Qui l’anima si apre come un campo sconfinato: promessa d’amore che diventa viaggio iniziatico. Il poeta si fa guida, profeta amoroso che conduce l’amata oltre le soglie del mondo tangibile: dalle aquile al mare, dalle vette alla neve. È un canto che si avvolge su sé stesso con ritmo ipnotico, quasi liturgico, che ricorda le litanie dell’amore eterno. Ogni “Se saprai starmi vicina” è invocazione, quasi un mantra, che non chiede ma afferma: l’amore vero è condizione, è adesione, è complicità assoluta. Non è solo un dono, ma una iniziazione mistica, in cui l’amore si rivela come forza cosmica capace di unire stagioni, sogni e silenzi.


 

  • “La sera della pieve” di Renzo Montagnoli

In questa poesia si respira un tempo arcaico, intriso di sacralità contadina. La campanella che si diffonde nella valle non è solo richiamo religioso, ma vibrazione ancestrale che lega terra e cielo. Montagnoli sa restituire l’immagine di una comunità raccolta, fatta di scialli, pipe, ombre lunghe: un teatro di umanità che si muove dentro la cornice eterna della fede e della natura. C’è in questi versi una nostalgia per il sacro perduto, una liturgia della memoria che ricompone i passi dei vivi e dei morti sui lastroni consunti. E quando il rosario inizia, la poesia stessa diventa preghiera: il tempo profano è sospeso, e ciò che resta è il silenzio sacro dell’attesa.


 

  • “Andrea” di Salvatore Armando Santoro

Questa poesia è un dialogo con l’aldilà, un sorriso oltre la soglia della morte. Andrea appare con leggerezza disarmante: fuma, sorride, scherza, ironizza sulla vita che ha lasciato, eppure resta presente in un cappellino, in un sorriso sopra un comodino. Qui la poesia non indulge nel dramma della perdita, ma nell’intimità del ricordo, che diventa un filo ironico, complice, quasi cameratesco. Santoro ci restituisce la morte non come abisso ma come altra parte del percorso: “Io credo, la mia”, dice Andrea, e in quella frase c’è la saggezza semplice di chi sa che la vita è solo un tratto di cammino. È una poesia che consola, che ride nel dolore, che accarezza il lutto con la dolcezza del quotidiano
 

 

  • “Il nostro sì” di Felice Serino

Un testo essenziale, quasi aforismatico, che affonda la sua radice nel minimalismo poetico contemporaneo.
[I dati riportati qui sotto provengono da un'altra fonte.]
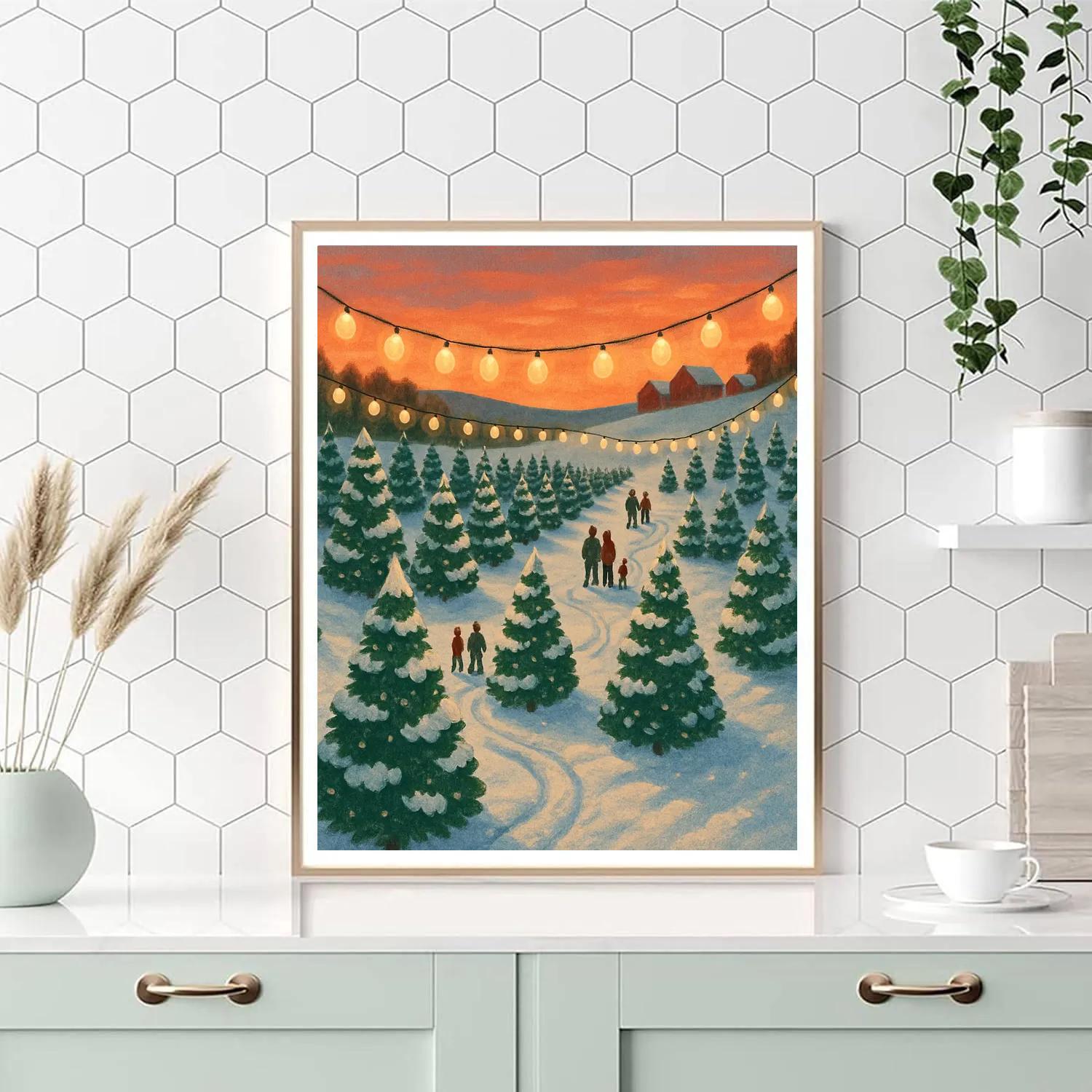 Christmas Tree Farm Under Lantern Strings Numbered painting kits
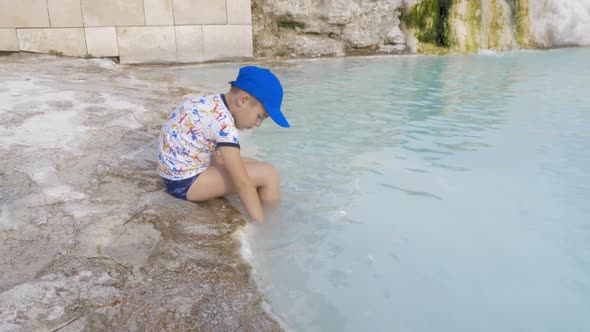 Child at Travertine Terrace in Pamukkale, Turkey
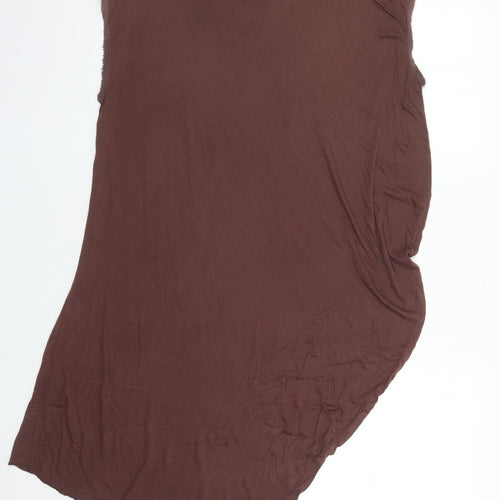AllSaints Womens Brown Viscose Basic T-Shirt Size 8 Round Neck - Asymmetrical Raw Hems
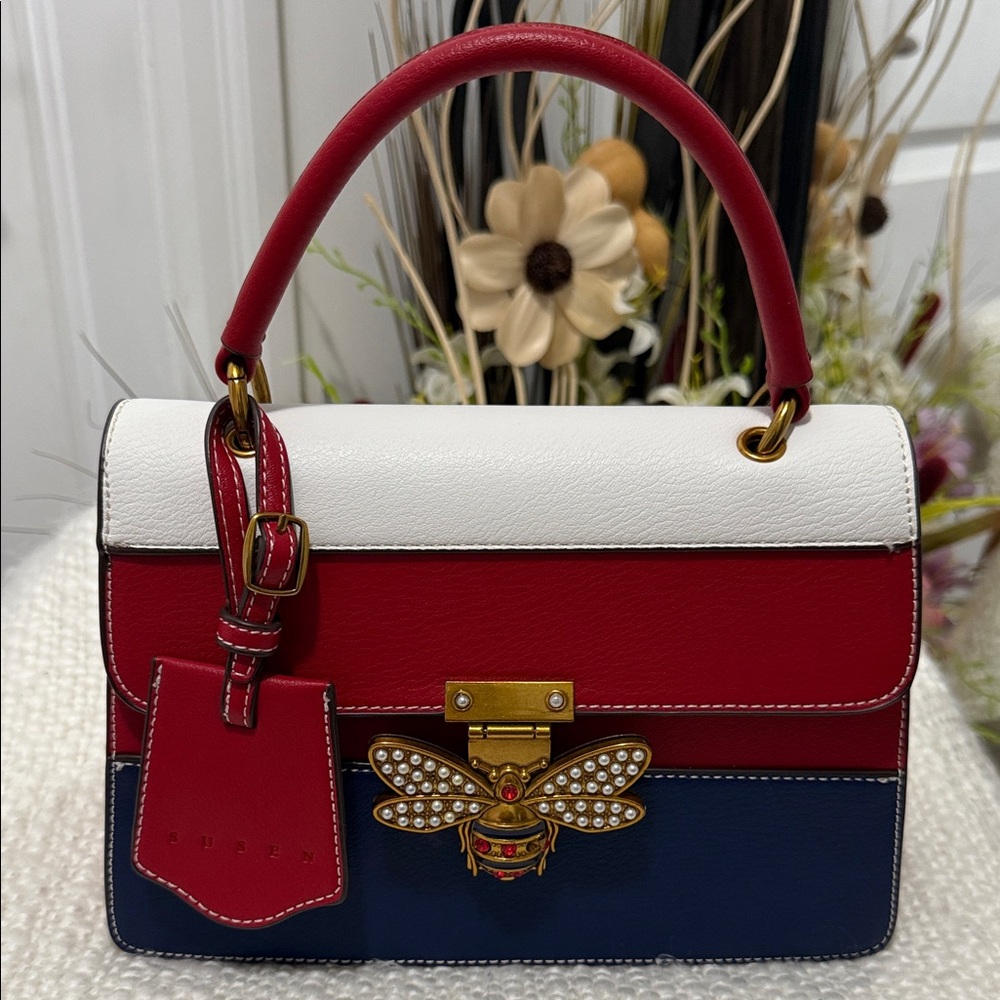 Elegant Red, White, and Blue Handbag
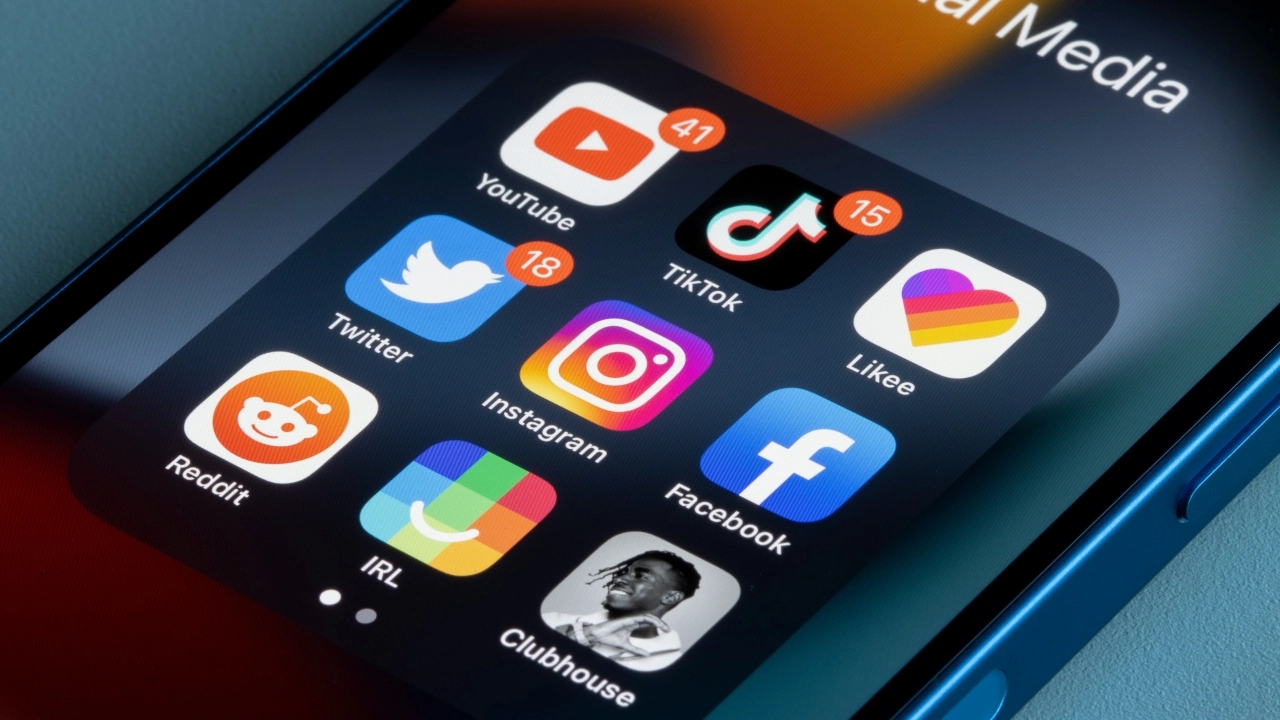 Image of a cell phone home screen showing social media apps.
Le parole sono pietre sparse, scolpite nello spazio bianco: ogni termine ha il peso di un cosmo. L’affermazione “noi siamo” diventa dichiarazione ontologica, che va oltre la fisicità, oltre la “terra che limita il volo”. È una poesia che sembra farsi preghiera nuziale, ma anche atto metafisico: il “sì” è insieme consenso d’amore e assenso alla vita, alla trascendenza. Serino, con il suo linguaggio asciutto, costruisce un canto che potrebbe stare inciso sul marmo di un altare interiore: il poeta ci dice che l’essere vince il vuoto, che l’anima è già oltre le sue catene materiali.


 

  • “A … ‘braccia aperte’” di Armando Bettozzi

Qui il tono cambia radicalmente: siamo nel vivo della satira civile, aspra, corrosiva, quasi dantesca nella sua fustigazione. Il “togato” diventa maschera di corruzione, di ipocrisia, di giustizia tradita. La rima morde, la cadenza incalza, l’anafora ribadisce indignazione. Bettozzi costruisce un pamphlet poetico che denuncia, svela, accusa: il “traditor di Patria” non è chi ha difeso il territorio, ma chi ha tradito il mandato. È poesia che non cerca armonia ma scossa, che non consola ma incendia. In essa vibra l’antica voce di un Pasolini civile, ma anche l’eco di certi versi satirici latini: corrosione morale e rabbia politica che diventano materia di poesia.


 

  • “Sempre a metà” di Rosa Notarfrancesco

Un testo di sospensione, lieve ma carico di nostalgia. Il tema è l’incompiutezza, l’essere “sempre a metà”: mai del tutto dentro un tempo, mai pienamente soddisfatti. La poesia è costruita come un flusso riflessivo, senza orpelli, quasi diaristico, eppure la sua forza risiede nel non detto, nelle pause che si insinuano tra i versi. Qui la parola diventa eco del rimpianto: “altri tempi… completamente felici di sé”. La Notarfrancesco cattura l’essenza del vivere come frammento, mai totalità, e lo restituisce con tono quieto ma denso di malinconia. È un pensiero lirico che resta aperto, senza chiusura, come la vita stessa.


 

  • “Mezzanotte, ombre dolci alle porte e astri” di Jacqueline Miu

Qui entriamo nella poesia sperimentale, densa e caleidoscopica. La Miu frammenta e ricompone la realtà notturna in una sequenza visionaria: città, icone religiose, televisione, amanti, rifiuti, stelle. Tutto si mescola in un mosaico metropolitano che sa di beat generation e surrealismo. La lingua è fluida, stratificata, le immagini si inseguono con ritmo spezzato: “sciroppo di nuvole / e lunghe carcasse / la spazzatura dipinge la strada”. È una poesia che non descrive ma assorbe, non narra ma trasfigura. L’amore qui non è intimità domestica, ma energia che si manifesta nelle pieghe della notte, tra icone e vampiri, tra ombre e abbracci. L’effetto è quello di un canto cosmico urbano: mistico e profano insieme.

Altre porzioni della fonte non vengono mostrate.